The Supreme Court appeared reluctant Tuesday to give Dodd-Frank protections to whistleblowers who report stock and investment fraud to their employers but not the federal government.
Under the Dodd-Frank Act, the Securities and Exchange Commission (SEC) in 2011 issued new rules protecting employees from being retaliated against by their employers if they report fraud internally.
Paul Somers, a former employee for Digital Realty Trust Inc., was fired after he reported alleged securities violations to his senior management. Somers never reported the information to the SEC, but his attorney says his employment should have been protected as a result of the 2011 rule.
His former employer, a publicly traded real estate trust, disagrees. Digital Realty Trust argues that Dodd-Frank’s definition of a whistleblower explicitly excludes anyone who fails to report allegations to the SEC.
Justice Neil Gorsuch, a self-described textualist who seeks to follow the literal reading of statutes, noted that Dodd-Frank explicitly states that the incentives and protections for whistleblowers “shall apply” to anyone who provides information relating to a violation of securities laws to the SEC.

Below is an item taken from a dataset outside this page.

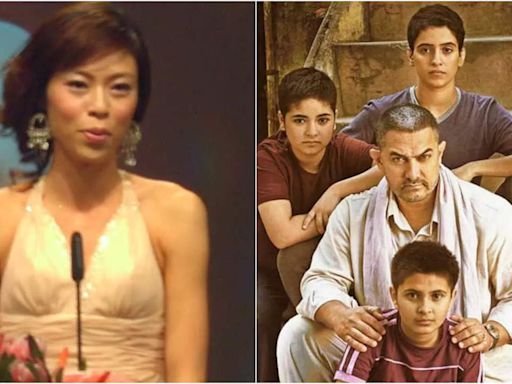 Taiwan's Olympic champion Chen Shih-hsin reveals uncanny resemblance between her life and Aamir Khan's Dangal: 'My father was much like Mahavir Singh Phogat' | Hindi Movie News - Times of...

“How much clearer could they have possibly been?” Gorsuch said, referring to the language lawmakers put in the legislation.

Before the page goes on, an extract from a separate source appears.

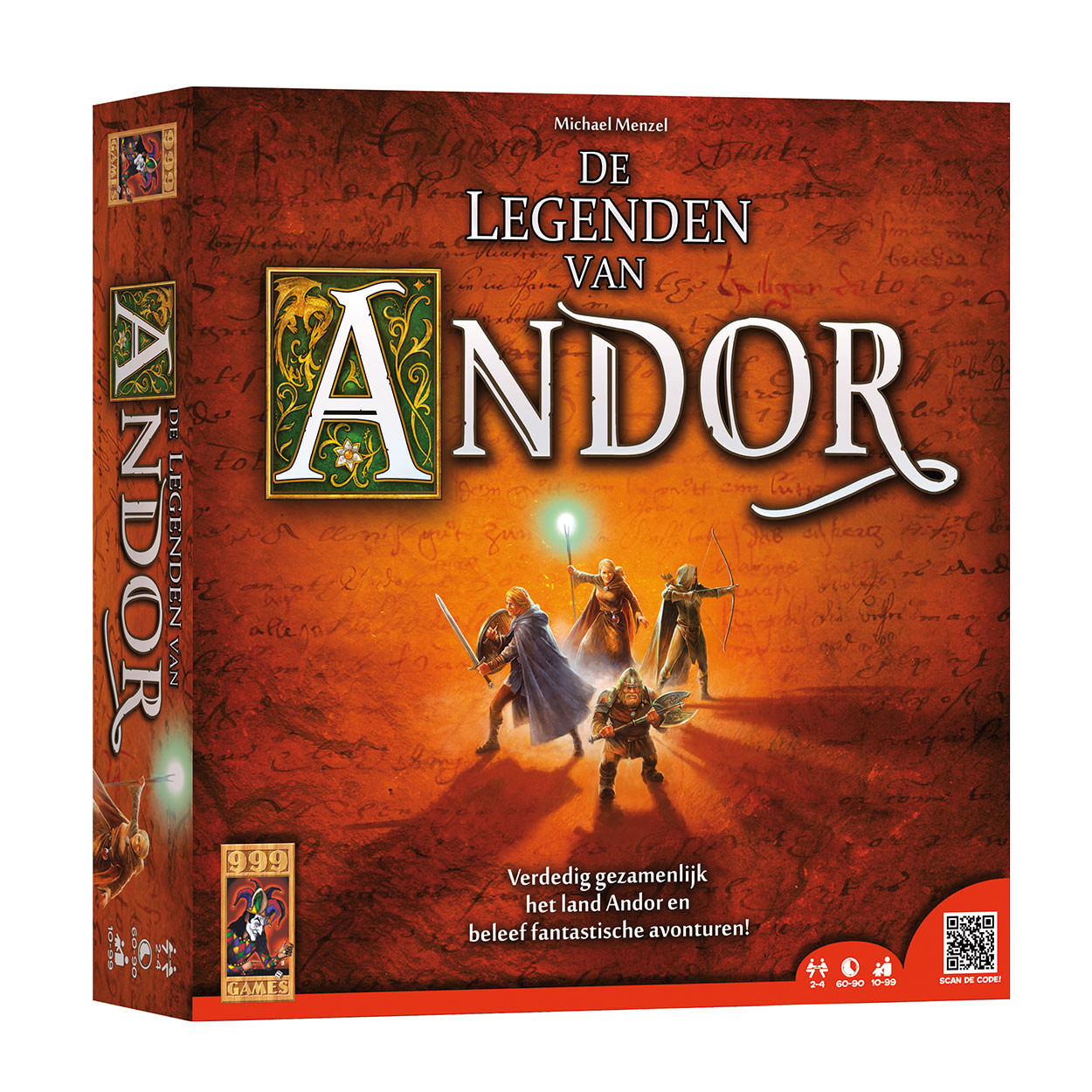 De Legenden van Andor - Bordspel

Somers’s attorney Daniel Geyser noted the language in Dodd-Frank doesn’t end there, also stating that the policy would be implemented “in a manner established, by rule or regulation, by the Commission.”
But Digital Realty Trust's attorney Kannon Shanmugam argued that the SEC gave no indication in its proposed rule that it planned to disperse of the requirement to report the fraud to the SEC.
“There were certainly some who thought that that would be desirable, but there is nothing in the notice of proposed rule-making, and to the extent that respondent and the government cites some language that suggests that the Commission was considering broadening the application of the anti-retaliation provision and inviting comments to that effect, the very previous sentence in the notice of proposed rule-making indicates that the Commission intended to retain the requirement of reporting to the SEC,” he said.
Gorsuch zeroed in on the process used to write the rule.
“Now, that seems to me to put the whole administrative process on its head because you're providing no notice to people, no reasonable opportunity to comment, maybe a few people spot the issue, but most people don't,” he said.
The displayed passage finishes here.